I’m not calling this a conspiracy. I’m not calling this anything more than what it is: another case of a cop receiving the benefit of the doubt when perhaps they didn’t deserve it. When Philadelphia Police Lieutenant Jonathan Josey was caught on camera punching a defenseless woman in the face during the Puerto Rican Parade on 5th Street on September 30th, it was very difficult to fathom. Josey claimed that he was having beer thrown on him when he went over to this woman who isn’t holding a beer, and hit her directly in the face, knocking her to the ground. Apparently the judge agreed with him that it wasn’t on purpose, and gave him the benefit of the doubt by finding him not guilty. I’m calling bullshit.
The judge in the case stated that this was not a social media contest, and that the video did not prove that Josey intended to harm the woman he hit. I respectfully disagree with the judge’s logic on that. He goes over, obviously upset, and went high instead of low (where she would actually be hold a drink if she were actually holding one). He hit her in the face, and was never apologetic about it. All the character witnesses for Josey, all the people that Philadelphia Police brought in to say that Josey followed procedure…it doesn’t take away from the fact that Josey was given the benefit of the doubt on this. It seems to take a lot for a police officer to ever be found guilty of any wrong-doing. There are no winners in this case regardless of the outcome, but I happen to think in my own personal opinion that Josey did that on purpose, and I don’t really understand how making a violent move towards someone without: 1. Making sure it’s the right person first, and 2. Hitting someone in the face is following “proper procedure.” So, next time I’m at a sporting event and I get hit with food or beer, I’ll just randomly hit somebody. When I get arrested, I’ll just say that I was following procedure. Wait, that won’t work for me because I’m not a Philly cop.

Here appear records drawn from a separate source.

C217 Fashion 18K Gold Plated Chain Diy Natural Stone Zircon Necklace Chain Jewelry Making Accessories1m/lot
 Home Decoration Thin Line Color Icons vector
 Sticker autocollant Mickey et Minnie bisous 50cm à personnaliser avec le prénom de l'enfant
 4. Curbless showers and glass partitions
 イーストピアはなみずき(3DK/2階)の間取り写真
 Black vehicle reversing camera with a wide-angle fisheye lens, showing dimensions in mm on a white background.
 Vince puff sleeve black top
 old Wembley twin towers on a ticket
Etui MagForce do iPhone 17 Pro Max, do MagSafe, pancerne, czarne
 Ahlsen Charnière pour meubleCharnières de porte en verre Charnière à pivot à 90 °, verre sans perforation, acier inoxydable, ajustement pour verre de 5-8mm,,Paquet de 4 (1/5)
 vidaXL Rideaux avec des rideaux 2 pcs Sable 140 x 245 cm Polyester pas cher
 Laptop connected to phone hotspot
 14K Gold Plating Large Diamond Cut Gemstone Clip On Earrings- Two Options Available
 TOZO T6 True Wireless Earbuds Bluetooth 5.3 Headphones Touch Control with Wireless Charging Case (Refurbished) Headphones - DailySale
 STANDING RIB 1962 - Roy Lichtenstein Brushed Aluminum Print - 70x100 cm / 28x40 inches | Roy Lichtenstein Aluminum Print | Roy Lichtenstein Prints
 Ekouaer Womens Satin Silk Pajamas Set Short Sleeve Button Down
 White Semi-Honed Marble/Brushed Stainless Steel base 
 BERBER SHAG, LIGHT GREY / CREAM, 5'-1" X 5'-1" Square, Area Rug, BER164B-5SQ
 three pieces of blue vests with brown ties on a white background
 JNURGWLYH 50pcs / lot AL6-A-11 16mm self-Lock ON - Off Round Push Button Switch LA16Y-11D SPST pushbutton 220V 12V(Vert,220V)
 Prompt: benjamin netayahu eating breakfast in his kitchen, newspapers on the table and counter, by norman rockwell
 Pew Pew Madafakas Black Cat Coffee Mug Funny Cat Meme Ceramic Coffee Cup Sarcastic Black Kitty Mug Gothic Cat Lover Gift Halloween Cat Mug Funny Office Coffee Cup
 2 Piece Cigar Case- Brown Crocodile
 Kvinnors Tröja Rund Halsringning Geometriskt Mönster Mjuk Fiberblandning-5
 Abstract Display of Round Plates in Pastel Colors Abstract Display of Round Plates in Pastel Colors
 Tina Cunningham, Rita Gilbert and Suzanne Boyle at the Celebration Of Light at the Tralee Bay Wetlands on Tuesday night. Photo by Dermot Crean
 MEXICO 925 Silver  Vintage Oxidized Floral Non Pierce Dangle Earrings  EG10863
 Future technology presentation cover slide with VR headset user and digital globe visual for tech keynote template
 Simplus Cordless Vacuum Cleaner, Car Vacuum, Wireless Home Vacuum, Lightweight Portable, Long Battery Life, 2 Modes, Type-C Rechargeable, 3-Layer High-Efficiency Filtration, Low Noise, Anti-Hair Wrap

Following the announcement of the verdict, Josey expressed happiness over the outcome, and then blamed those “monsters” in the media for distorting the facts of the case. I’m all for criticizing the media when they deserve it, but this isn’t one of those times. It’s hard to justify or make sense of a uniformed police lieutenant who gets paid to maintain law and order on our streets walking over and hitting a defenseless woman in the face. Things like this are why the police in our city get so little respect: because there is a clear double standard where the police are always given the benefit of the doubt, no matter what. It’s not fair, and at a time when so many good things are happening in Philadelphia, this is just one of those things that like so many others, will continue to hold us back.